角地に郷荘神社、右に曲がり突き当たりに禅寂寺はあった。
 国道480号線を北上、20分ばかり歩くと左手に西福寺。境内に雷が封じ込められた「雷井戸」があり、雷が鳴ると「クワバラクワバラ」と唱えるのはこの伝説に由来する。ここの土地は、桑原町と言う。
 再度、小栗街道に出て最後の行程、「和泉国府廰跡」、「和泉井上神社」を訪ねて、JR和泉府中駅にPM4:00到着。
 弥生時代の遺跡・池上曽根遺跡をはじめ和泉市の沢山の史跡・遺跡を巡り、大阪南部の和泉市をおぼろげながらも少し理解できたことは大変嬉しく、地図を片手に親切に案内頂いた同行のI氏に感謝。 

 

和泉の国古代遺跡を訪ねる写真集

池上曽根遺跡

歴史ウォーキング行程

JR信太山駅→(10分)→池上曽根遺跡公園・府立弥生文化博物館→
葛の葉稲荷神社→旧府神社(白狐の化け石)→小栗街道(篠田王子跡・
小栗地蔵・八坂神社・高札場・照手姫腰掛石・後鳥羽院歌碑・
平松王子跡)→丸笠山古墳→禅寂寺→西福寺→和泉国府跡→
泉井上神社…(10分)→JR和泉府中駅 
全行程10.5km


和泉の国古代遺跡を訪ねるMAP

葛の葉稲荷神社(くずのはいなり)・・・清少納言が「枕草子」で「もりはしのたのもり。」と称えた信太の森の鎮守。
 竹田出雲作江戸時代中期の浄瑠璃「芦屋道満大内鑑
(あしやどうまんおおうちかがみ)」に取り上げられた「葛の葉」伝説所縁の地。安倍保名と狐の化身、葛の葉姫との悲恋の舞台である。
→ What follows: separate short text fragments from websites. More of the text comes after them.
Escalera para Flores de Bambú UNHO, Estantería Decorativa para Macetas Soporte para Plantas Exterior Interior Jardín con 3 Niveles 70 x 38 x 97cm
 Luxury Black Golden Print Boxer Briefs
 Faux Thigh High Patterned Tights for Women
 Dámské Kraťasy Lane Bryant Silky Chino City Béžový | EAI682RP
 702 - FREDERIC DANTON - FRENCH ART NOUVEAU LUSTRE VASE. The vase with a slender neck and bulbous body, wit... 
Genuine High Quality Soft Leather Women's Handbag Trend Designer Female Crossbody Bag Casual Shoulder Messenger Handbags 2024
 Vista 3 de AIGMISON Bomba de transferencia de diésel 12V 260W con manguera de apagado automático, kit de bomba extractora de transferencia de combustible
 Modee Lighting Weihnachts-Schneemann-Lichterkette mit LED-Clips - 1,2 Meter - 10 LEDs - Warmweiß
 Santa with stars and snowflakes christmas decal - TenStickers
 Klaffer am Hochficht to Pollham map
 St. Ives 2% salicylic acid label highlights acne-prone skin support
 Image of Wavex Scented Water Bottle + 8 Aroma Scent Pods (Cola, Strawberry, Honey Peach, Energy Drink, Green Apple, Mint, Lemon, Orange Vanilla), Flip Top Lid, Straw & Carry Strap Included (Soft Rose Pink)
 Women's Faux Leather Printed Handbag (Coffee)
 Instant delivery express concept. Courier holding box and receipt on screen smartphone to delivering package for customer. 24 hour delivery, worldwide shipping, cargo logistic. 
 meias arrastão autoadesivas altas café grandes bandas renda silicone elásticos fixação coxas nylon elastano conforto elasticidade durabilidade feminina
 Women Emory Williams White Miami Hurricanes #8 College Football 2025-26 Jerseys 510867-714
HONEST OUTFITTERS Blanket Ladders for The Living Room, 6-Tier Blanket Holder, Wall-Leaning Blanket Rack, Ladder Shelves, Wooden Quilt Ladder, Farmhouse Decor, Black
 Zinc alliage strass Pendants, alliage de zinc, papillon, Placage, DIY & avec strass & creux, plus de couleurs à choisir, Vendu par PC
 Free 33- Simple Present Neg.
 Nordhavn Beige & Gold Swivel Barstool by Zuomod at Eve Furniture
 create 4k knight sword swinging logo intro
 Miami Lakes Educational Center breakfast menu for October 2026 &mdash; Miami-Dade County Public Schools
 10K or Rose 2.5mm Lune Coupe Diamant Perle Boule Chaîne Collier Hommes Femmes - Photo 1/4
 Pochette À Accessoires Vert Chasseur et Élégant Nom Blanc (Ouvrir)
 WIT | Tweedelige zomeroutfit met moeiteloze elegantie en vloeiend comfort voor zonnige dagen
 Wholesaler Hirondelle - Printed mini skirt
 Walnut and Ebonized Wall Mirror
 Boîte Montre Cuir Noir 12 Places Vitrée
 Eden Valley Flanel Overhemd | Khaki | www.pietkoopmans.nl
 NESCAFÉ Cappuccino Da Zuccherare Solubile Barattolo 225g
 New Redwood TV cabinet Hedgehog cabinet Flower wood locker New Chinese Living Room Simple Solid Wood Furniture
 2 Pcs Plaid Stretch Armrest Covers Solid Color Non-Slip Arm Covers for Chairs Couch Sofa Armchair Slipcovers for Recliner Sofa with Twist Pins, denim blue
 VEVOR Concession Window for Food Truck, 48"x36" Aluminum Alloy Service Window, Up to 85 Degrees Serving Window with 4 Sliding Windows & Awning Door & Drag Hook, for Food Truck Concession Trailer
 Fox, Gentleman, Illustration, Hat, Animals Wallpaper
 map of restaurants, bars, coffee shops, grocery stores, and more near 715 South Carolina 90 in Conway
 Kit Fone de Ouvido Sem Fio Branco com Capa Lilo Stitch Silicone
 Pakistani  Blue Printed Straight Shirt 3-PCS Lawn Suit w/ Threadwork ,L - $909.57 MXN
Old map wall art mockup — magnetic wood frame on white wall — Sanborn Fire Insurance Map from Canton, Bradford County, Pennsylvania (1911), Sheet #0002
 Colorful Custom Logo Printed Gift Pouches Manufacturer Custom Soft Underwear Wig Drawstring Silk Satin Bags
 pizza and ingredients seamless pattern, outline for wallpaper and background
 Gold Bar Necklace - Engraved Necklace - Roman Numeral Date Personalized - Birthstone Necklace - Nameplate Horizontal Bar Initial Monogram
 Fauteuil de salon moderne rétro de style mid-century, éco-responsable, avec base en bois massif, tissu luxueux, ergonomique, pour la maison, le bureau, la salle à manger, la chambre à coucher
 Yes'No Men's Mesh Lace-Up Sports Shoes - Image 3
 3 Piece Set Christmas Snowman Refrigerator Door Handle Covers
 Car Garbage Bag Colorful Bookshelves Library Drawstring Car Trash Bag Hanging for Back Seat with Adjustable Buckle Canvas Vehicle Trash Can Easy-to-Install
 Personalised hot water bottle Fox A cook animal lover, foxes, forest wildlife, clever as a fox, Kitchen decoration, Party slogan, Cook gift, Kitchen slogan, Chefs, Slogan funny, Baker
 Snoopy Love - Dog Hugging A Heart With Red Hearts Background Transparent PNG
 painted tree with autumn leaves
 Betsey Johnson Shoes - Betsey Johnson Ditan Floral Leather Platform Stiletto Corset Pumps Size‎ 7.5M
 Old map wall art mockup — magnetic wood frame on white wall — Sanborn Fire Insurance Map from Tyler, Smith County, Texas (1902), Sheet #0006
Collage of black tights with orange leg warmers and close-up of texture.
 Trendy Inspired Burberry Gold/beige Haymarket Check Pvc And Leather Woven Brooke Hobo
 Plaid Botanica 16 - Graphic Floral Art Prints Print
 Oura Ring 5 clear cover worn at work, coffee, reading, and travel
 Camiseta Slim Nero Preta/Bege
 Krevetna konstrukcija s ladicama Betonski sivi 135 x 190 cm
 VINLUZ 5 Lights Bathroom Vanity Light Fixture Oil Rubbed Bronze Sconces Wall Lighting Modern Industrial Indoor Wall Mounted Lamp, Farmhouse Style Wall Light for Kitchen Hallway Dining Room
(平安時代の実在の陰陽師安倍晴明(おんみょうしあべのせいめい)は安倍保名(あべのやすな)と葛の葉姫との間に出来た子と作り話になっているが、実際は晴明が号で保名は名前の同一人物である。)

 境内に白狐が身を隠した神木「千枝の楠」、姫が姿を写した「姿見の井戸」、「恋しくば訪ね来てみよ和泉なる信田の森のうらみ葛の葉」の歌碑がある。

歌舞伎「芦屋道満大内鏡」のあらすじは次の通り。
 あらすじ・・・
 安倍保名に命を助けられた白狐の化身「葛の葉」は、保名が悪人達に都を追われ、恋人「榊の前(さかきのまえ)」を失って放浪している時、「榊の前」の妹で「榊の前」にそっくりの「葛の葉姫」の姿となって現れ、保名を救うと言う恩返しの物語である。

 
 二人は大阪阿倍野で一児をもうけ平和な家庭を送っているところへ突然、「葛の葉姫」とその父母が保名を訪ねて来る。二人の女「葛の葉」と「葛の葉姫」を見た保名は妻の「葛の葉」を疑う。疑われた「葛の葉」は今はこれまでと我が本性を語り、我が子と涙ながらに別れ、障子に一首の歌を残し秋の野原に姿を消す。その歌が「恋しくば訪ね来てみよ…」である。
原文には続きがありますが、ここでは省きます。